*PROVIDED ENTRIES*.
=== Begin Enclosure ===

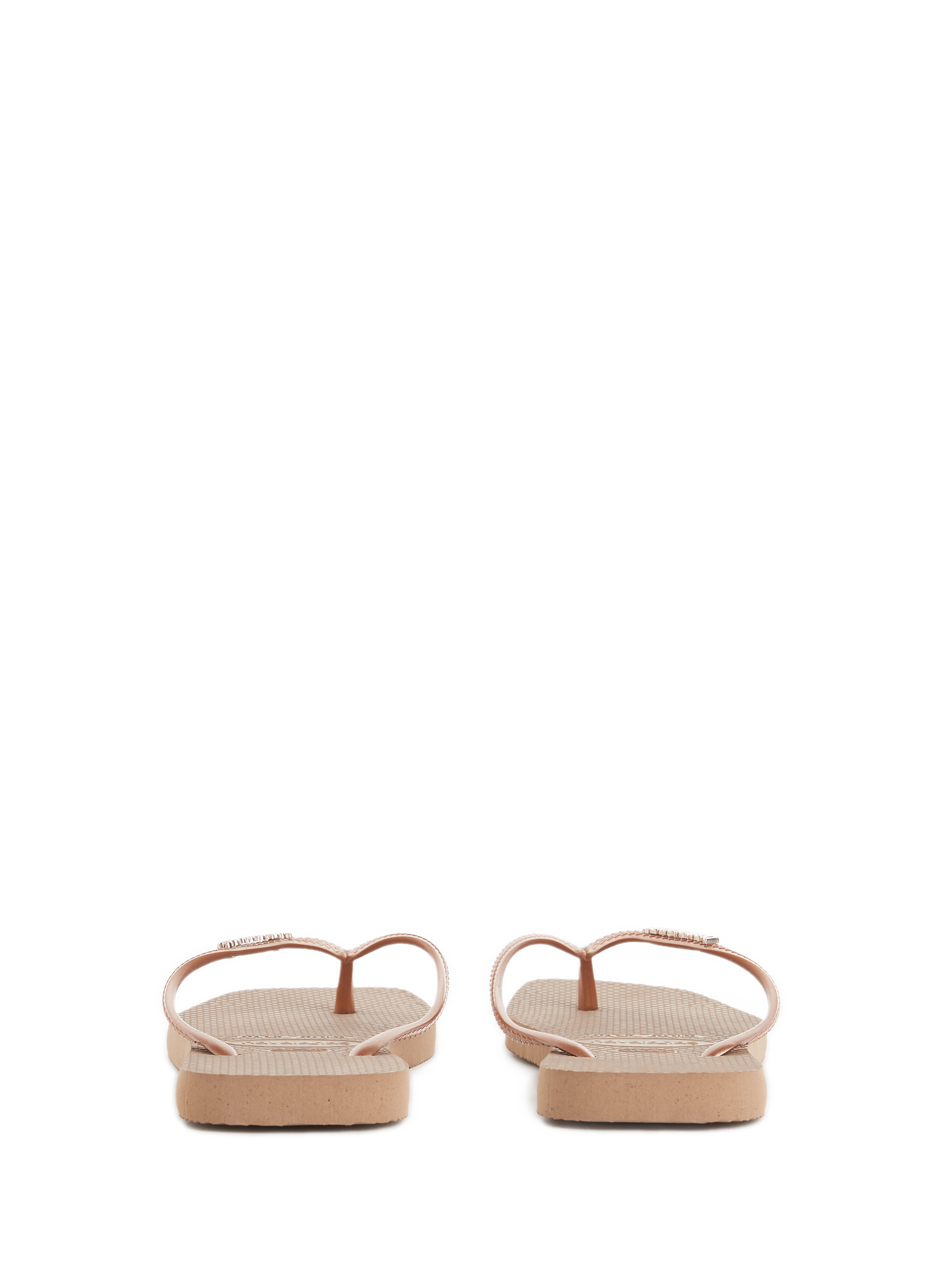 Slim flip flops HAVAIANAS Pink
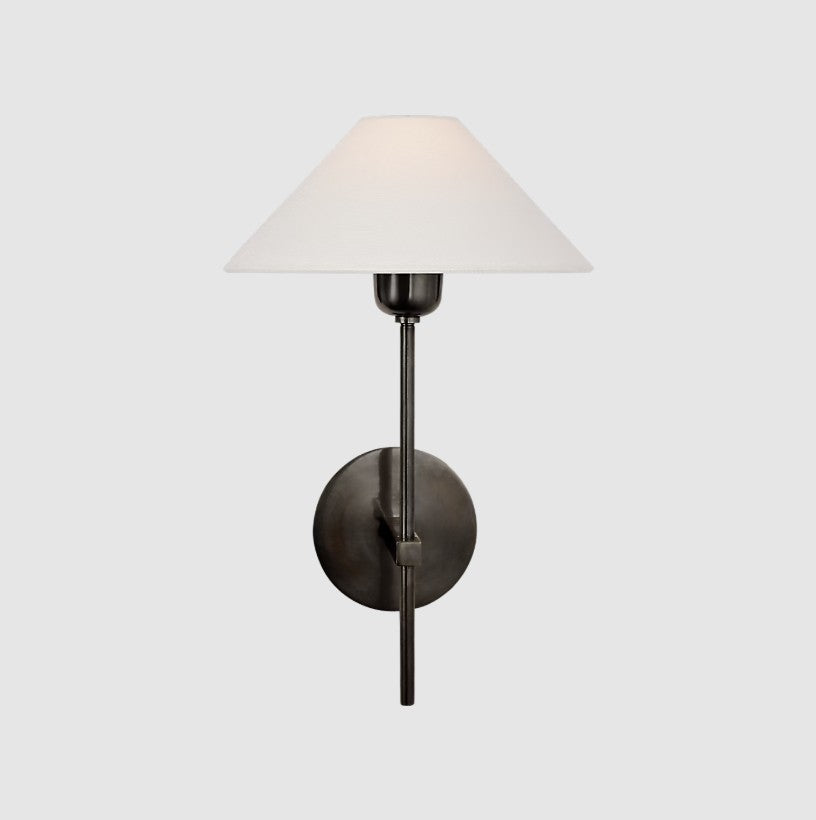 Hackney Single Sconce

=== End Enclosure ===
=== Begin Enclosure ===

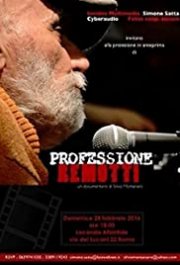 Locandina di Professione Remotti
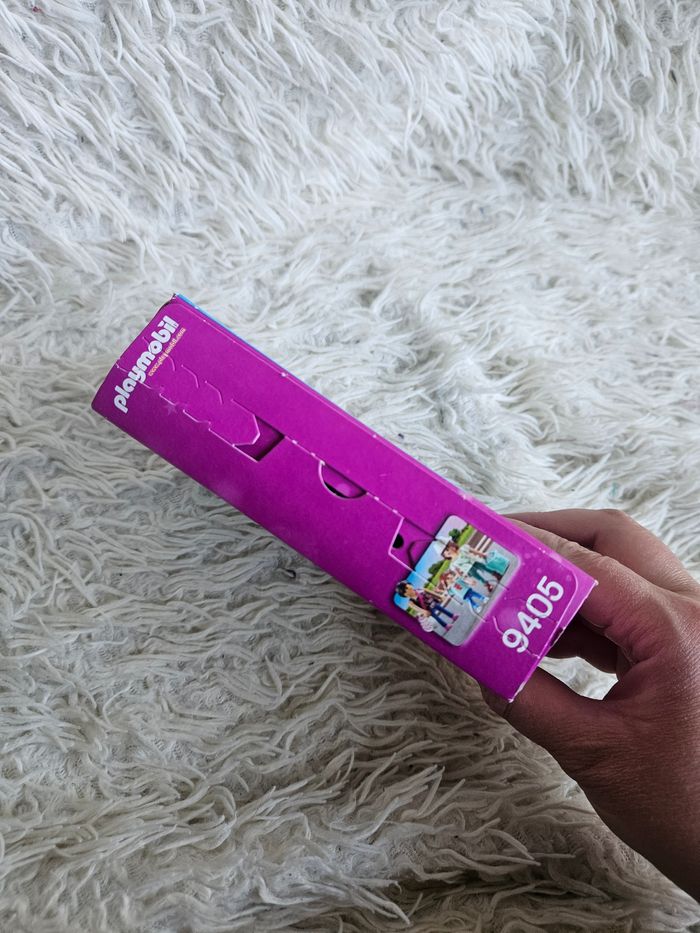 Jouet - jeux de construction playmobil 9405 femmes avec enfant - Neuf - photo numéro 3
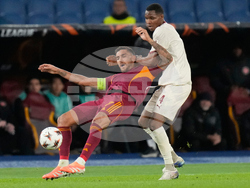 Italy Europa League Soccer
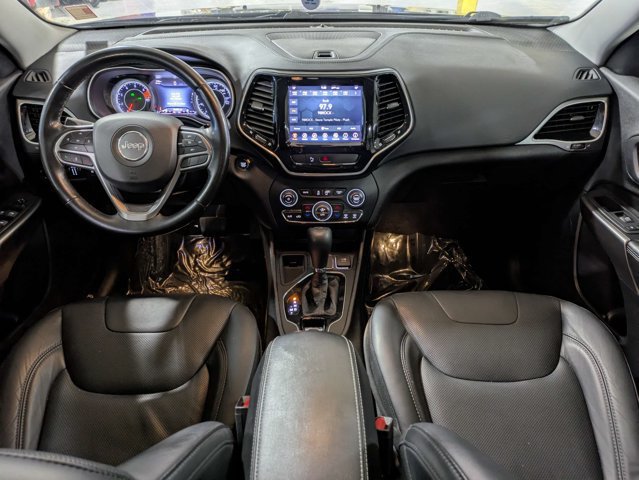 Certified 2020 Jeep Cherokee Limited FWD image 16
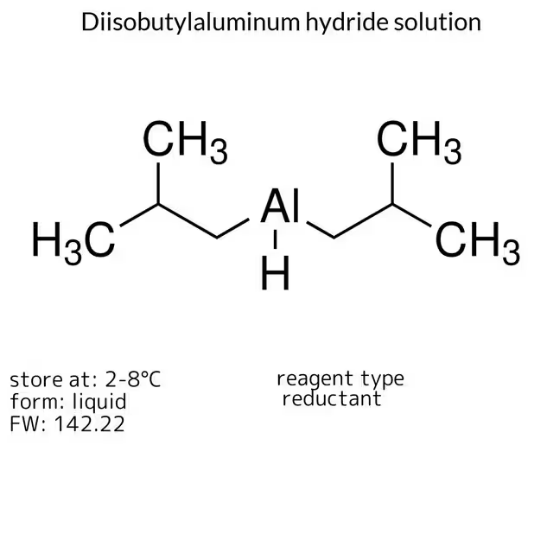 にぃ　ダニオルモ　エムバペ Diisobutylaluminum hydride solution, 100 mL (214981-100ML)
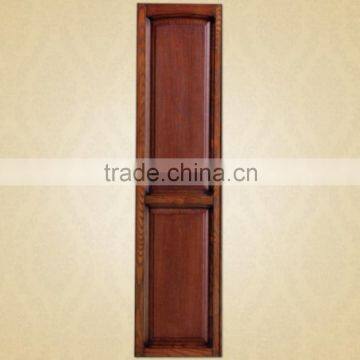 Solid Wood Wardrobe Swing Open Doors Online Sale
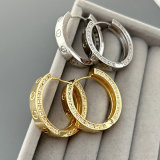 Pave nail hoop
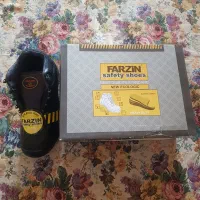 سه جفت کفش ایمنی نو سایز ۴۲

=== End Enclosure ===
=== Begin Enclosure ===

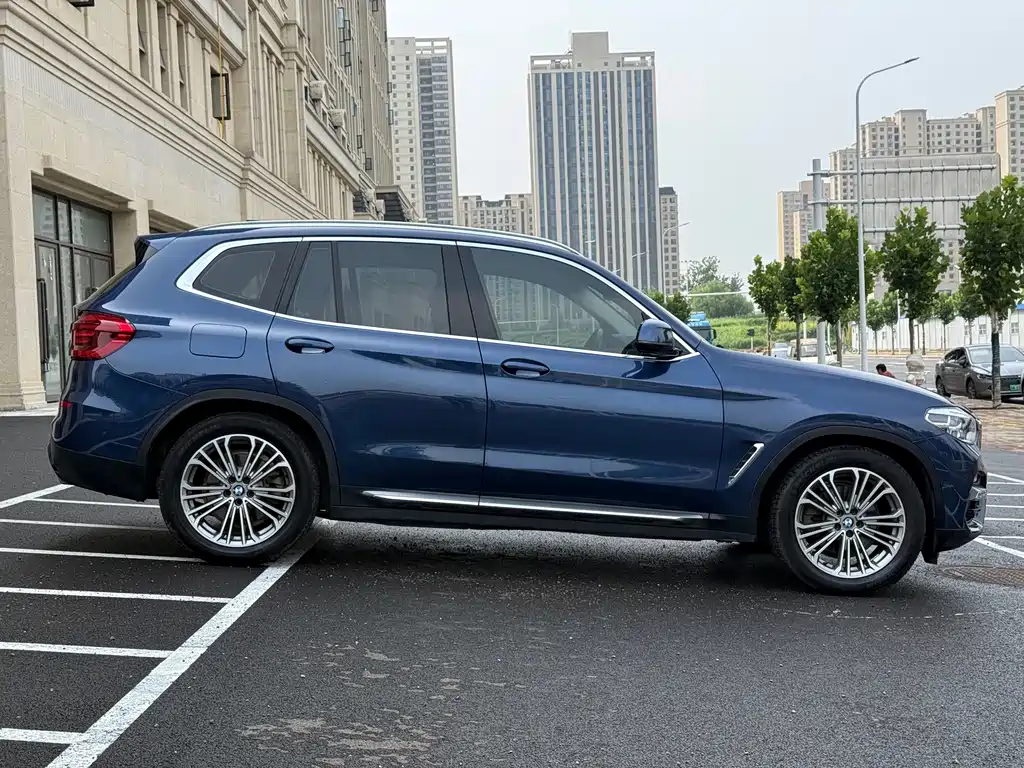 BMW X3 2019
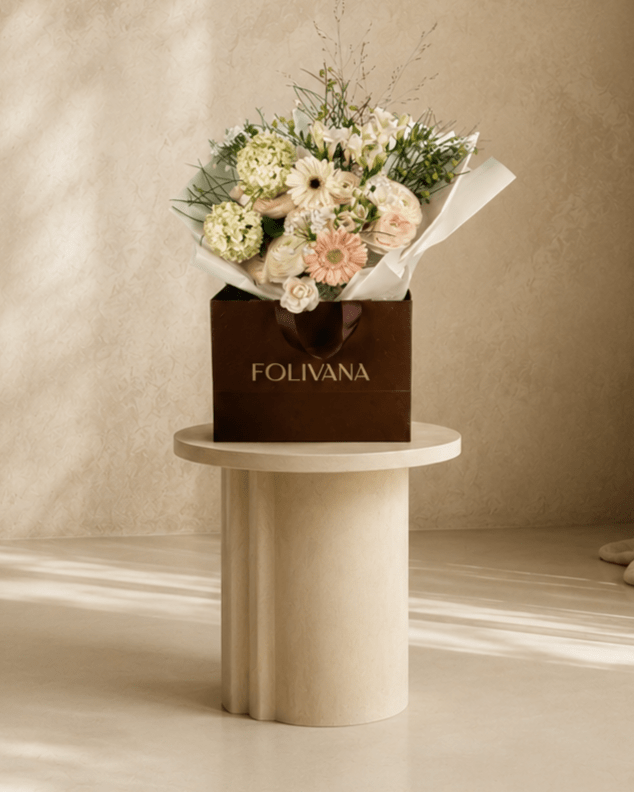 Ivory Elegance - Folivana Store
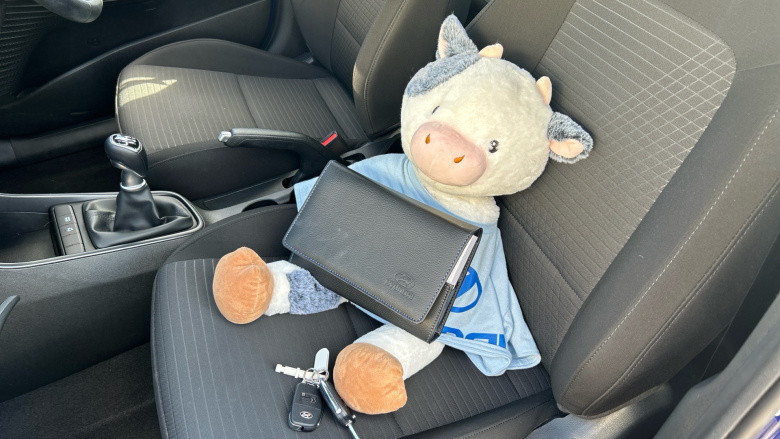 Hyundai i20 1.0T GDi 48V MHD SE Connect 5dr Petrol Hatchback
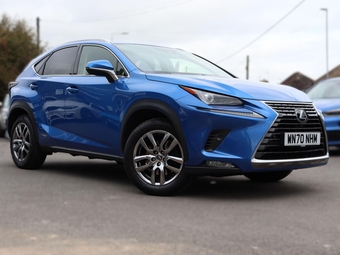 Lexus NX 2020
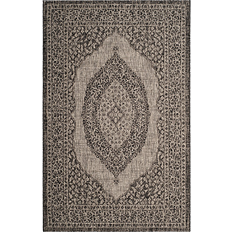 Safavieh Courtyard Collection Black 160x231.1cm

=== End Enclosure ===

*EXERCISE DIRECTIONS*.
What lines above run from the one with "Slim flip flops HAVAIANAS Pink" to the one with "Hackney Single Sconce"? Give them again exactly, ends included, and leave the pictures out.

*WRITTEN RESPONSE*.
 Slim flip flops HAVAIANAS Pink
 Hackney Single Sconce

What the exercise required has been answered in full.